* _WORK ITEM_:
Pictures excluded, copy every record that follows exactly as it appears.

(Saved entries)
- - - - - - -
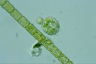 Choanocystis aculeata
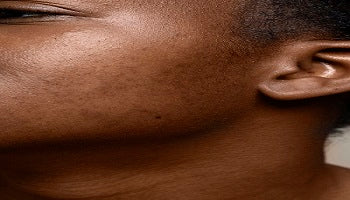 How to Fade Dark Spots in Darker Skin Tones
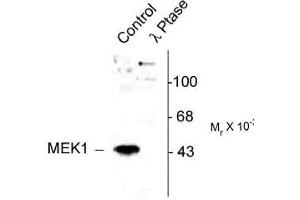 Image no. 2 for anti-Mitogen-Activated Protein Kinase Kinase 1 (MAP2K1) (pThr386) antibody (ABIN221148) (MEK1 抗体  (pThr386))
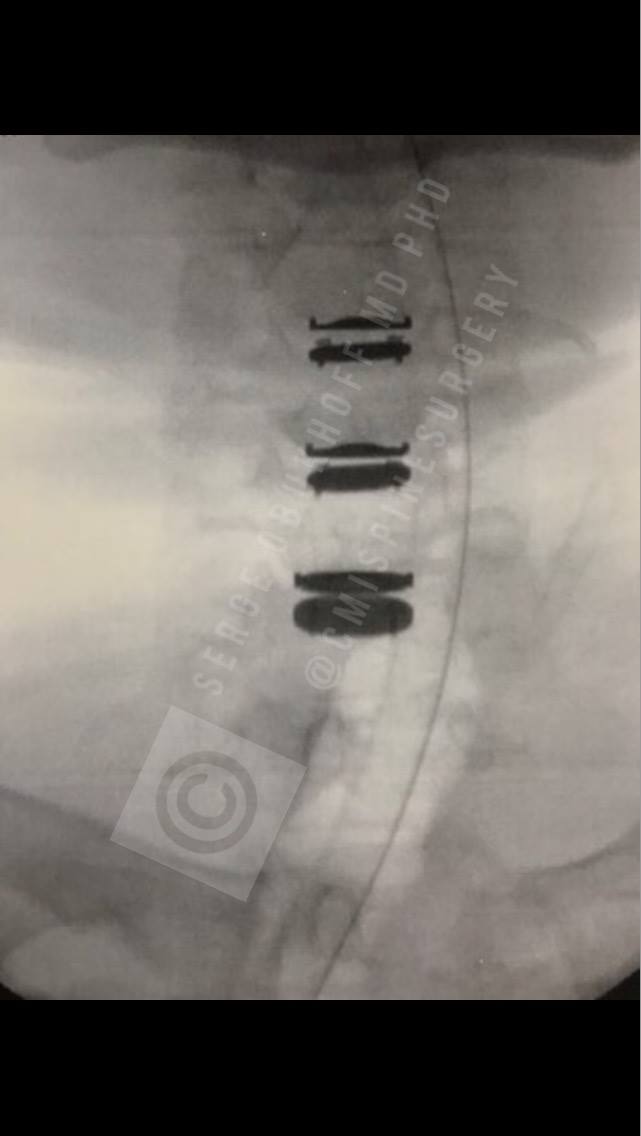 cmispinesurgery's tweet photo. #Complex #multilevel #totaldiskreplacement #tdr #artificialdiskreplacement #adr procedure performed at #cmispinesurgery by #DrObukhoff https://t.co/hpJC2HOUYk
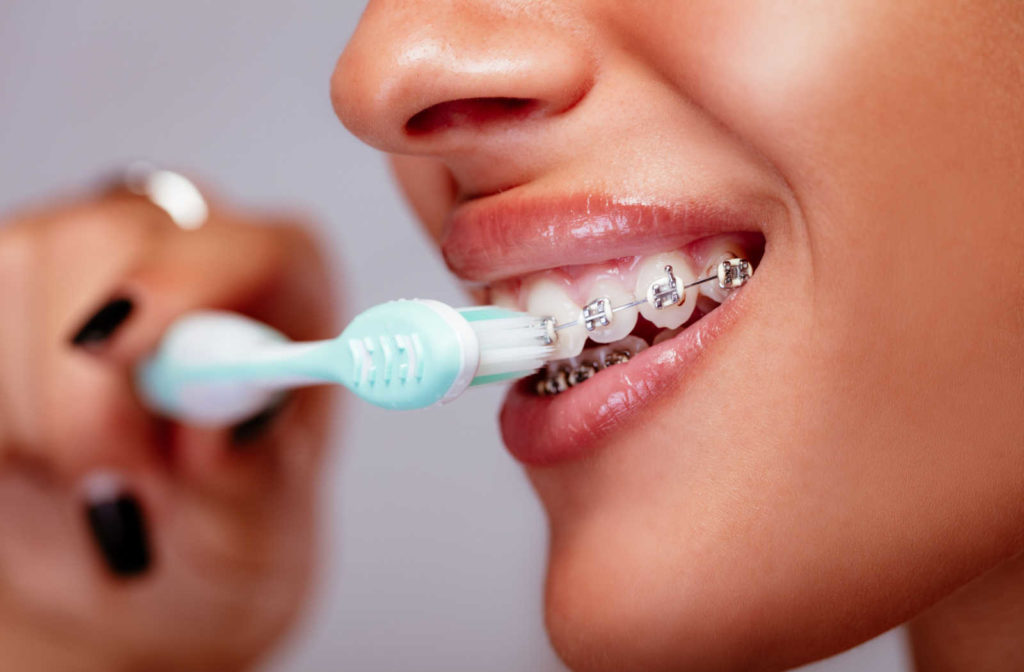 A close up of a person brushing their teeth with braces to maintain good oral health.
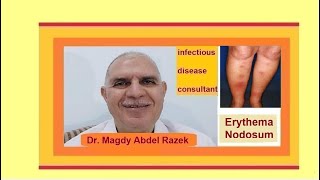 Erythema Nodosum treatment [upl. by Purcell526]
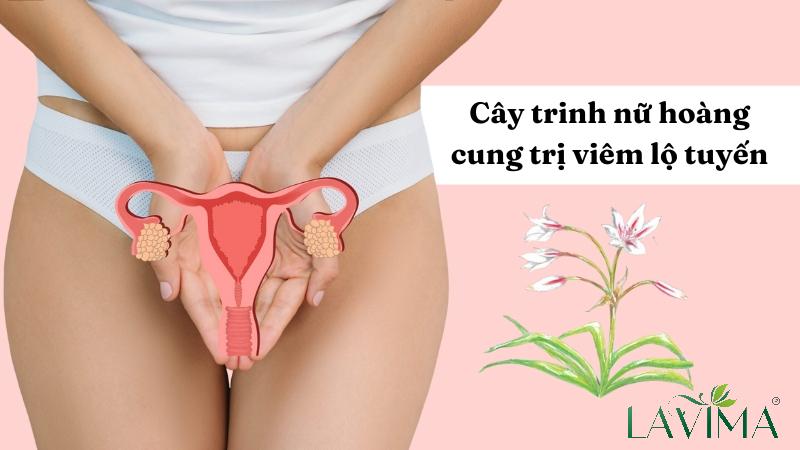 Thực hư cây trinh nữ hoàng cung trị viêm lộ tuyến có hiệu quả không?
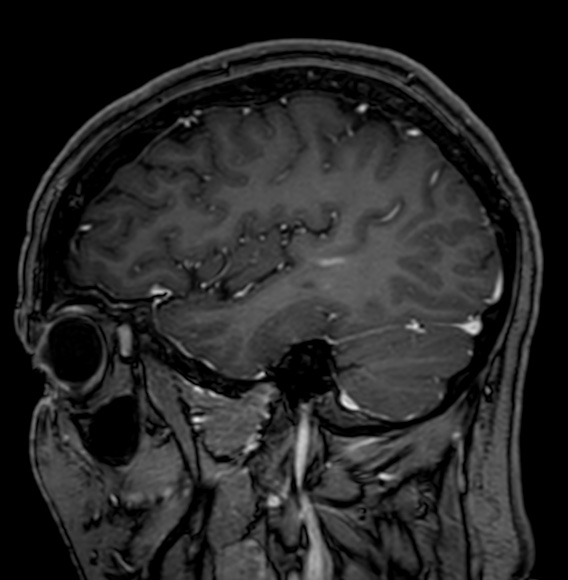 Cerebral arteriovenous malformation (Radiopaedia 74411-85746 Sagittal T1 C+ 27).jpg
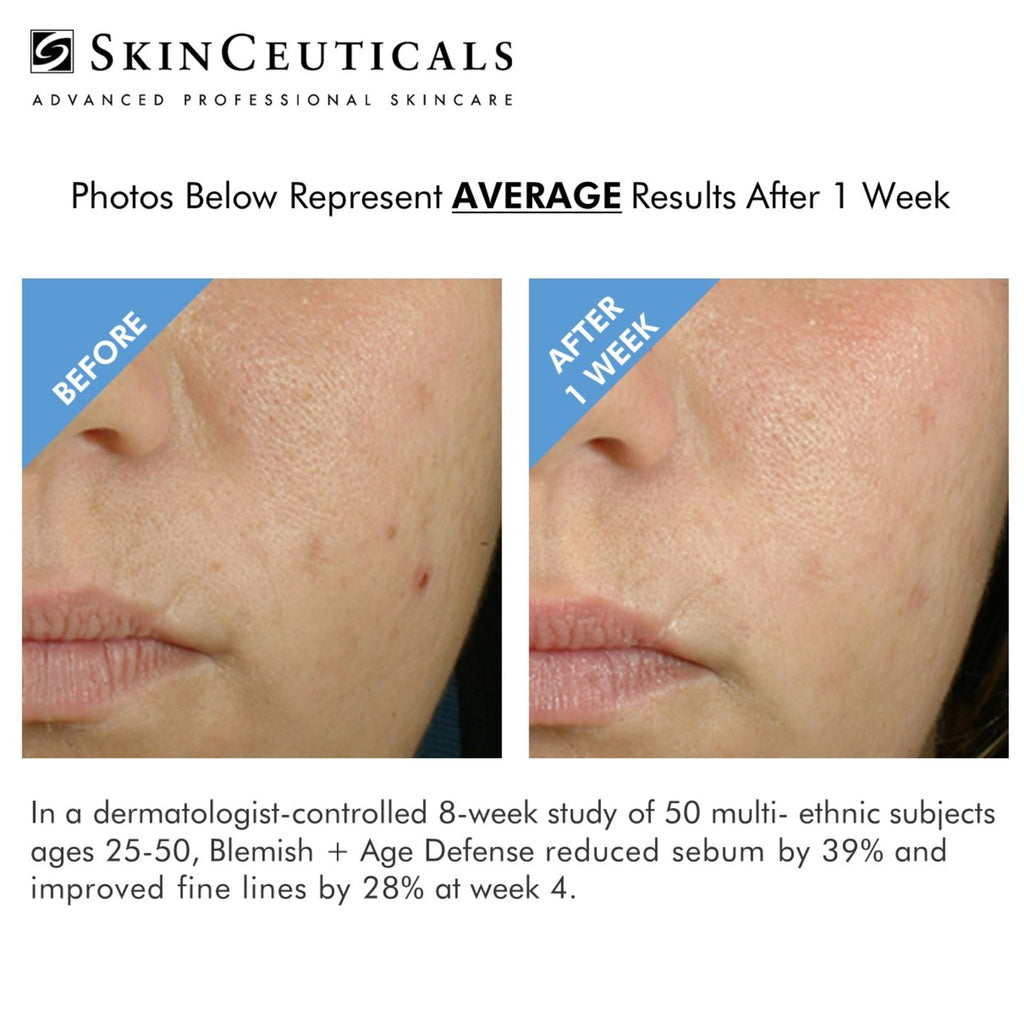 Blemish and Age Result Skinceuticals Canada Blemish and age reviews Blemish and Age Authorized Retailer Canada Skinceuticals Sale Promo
- - - - - - -
* _THE COMPLETED TASK_:
 Choanocystis aculeata
 How to Fade Dark Spots in Darker Skin Tones
 Image no. 2 for anti-Mitogen-Activated Protein Kinase Kinase 1 (MAP2K1) (pThr386) antibody (ABIN221148) (MEK1 抗体  (pThr386))
 cmispinesurgery's tweet photo. #Complex #multilevel #totaldiskreplacement #tdr #artificialdiskreplacement #adr procedure performed at #cmispinesurgery by #DrObukhoff https://t.co/hpJC2HOUYk
 A close up of a person brushing their teeth with braces to maintain good oral health.
 Erythema Nodosum treatment [upl. by Purcell526]
 Thực hư cây trinh nữ hoàng cung trị viêm lộ tuyến có hiệu quả không?
 Cerebral arteriovenous malformation (Radiopaedia 74411-85746 Sagittal T1 C+ 27).jpg
 Blemish and Age Result Skinceuticals Canada Blemish and age reviews Blemish and Age Authorized Retailer Canada Skinceuticals Sale Promo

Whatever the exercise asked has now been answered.